--- RECORD EXTRACTS ---
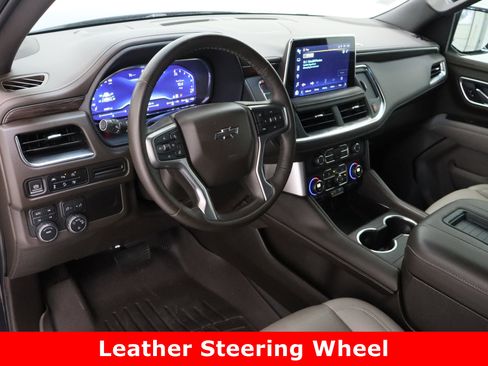 Used 2023 Chevrolet Tahoe Z71 w/ Luxury Package image 14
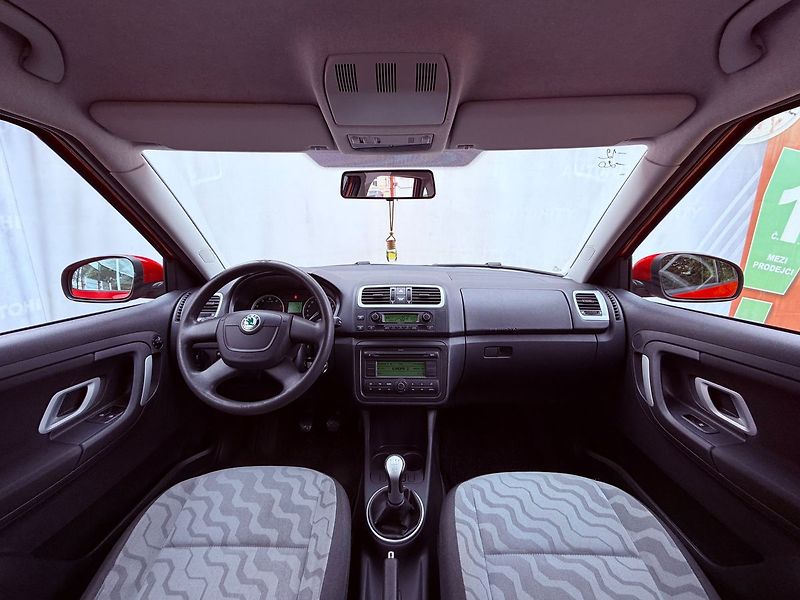 Škoda Fabia 1.6 Elegance, AutoAC, Serviska - fotka 15 z 23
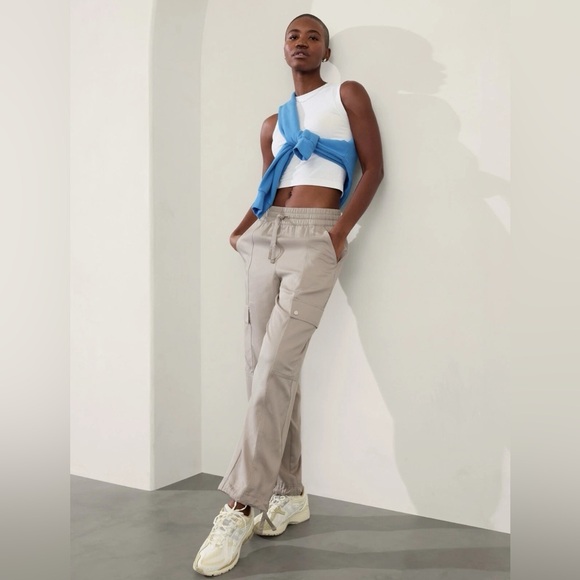 Athleta Celestial High Rise Utility Pant Feather #471984 - Picture 1 of 7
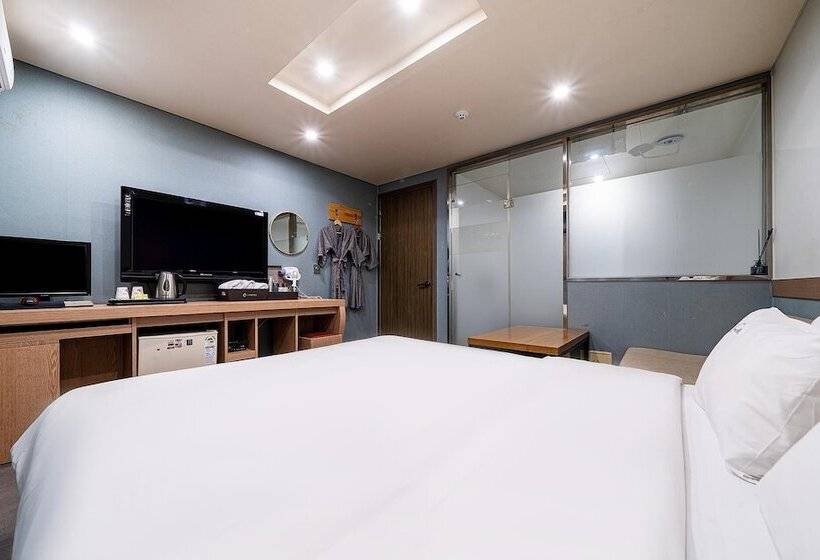 Motel Guri C Boutique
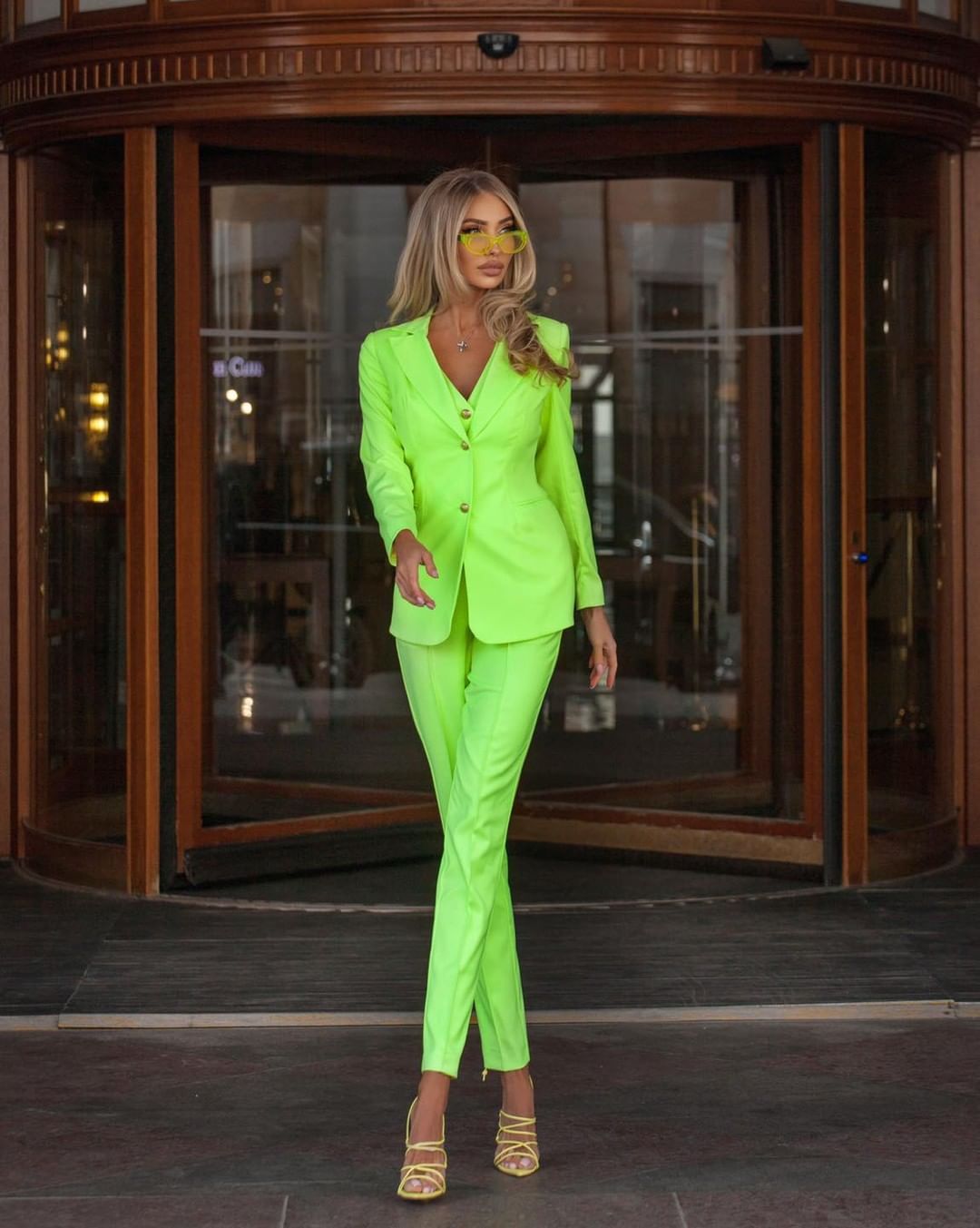 Trajes de pantalón verde brillante ajustados para mujer, para invitados de fiesta de graduación, ropa formal a medida (chaqueta, chaleco y pantalones) 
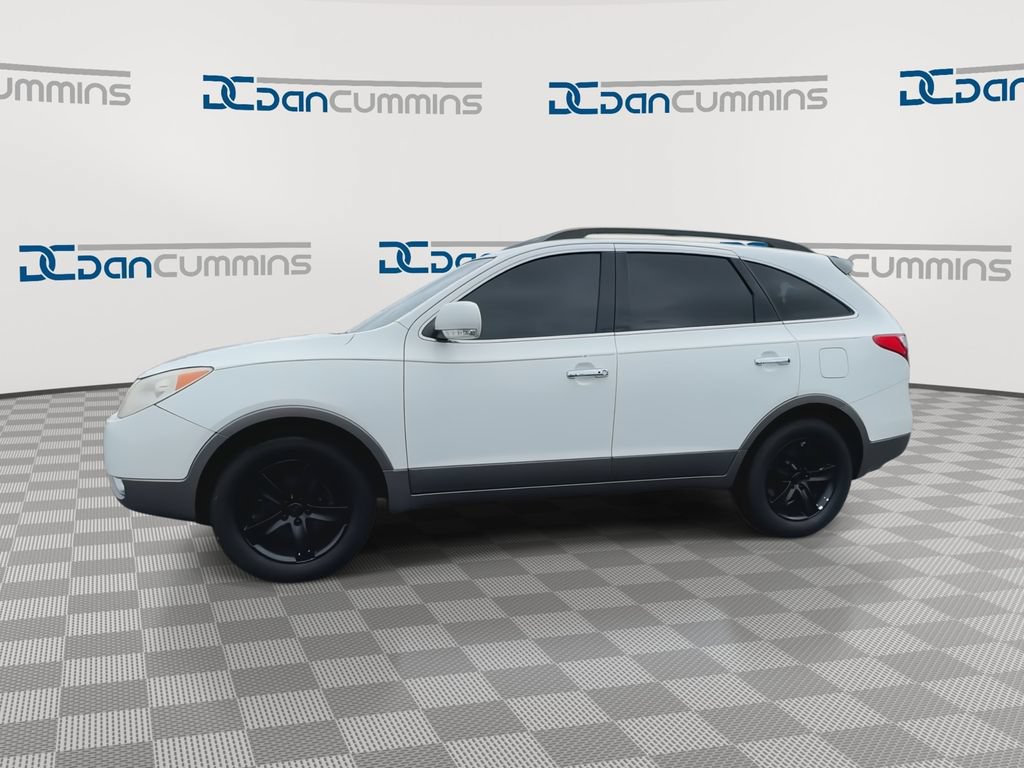 Used 2010 Hyundai Veracruz Limited w/ Rear Seat Entertainment Pkg 4 FWD image 5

--- BRIEF ---
When you repeat the lines above, keep them exact and leave out each image they contain.

--- RESPONSE TO THIS EXERCISE ---
 Used 2023 Chevrolet Tahoe Z71 w/ Luxury Package image 14
 Škoda Fabia 1.6 Elegance, AutoAC, Serviska - fotka 15 z 23
 Athleta Celestial High Rise Utility Pant Feather #471984 - Picture 1 of 7
 Motel Guri C Boutique
 Trajes de pantalón verde brillante ajustados para mujer, para invitados de fiesta de graduación, ropa formal a medida (chaqueta, chaleco y pantalones) 
 Used 2010 Hyundai Veracruz Limited w/ Rear Seat Entertainment Pkg 4 FWD image 5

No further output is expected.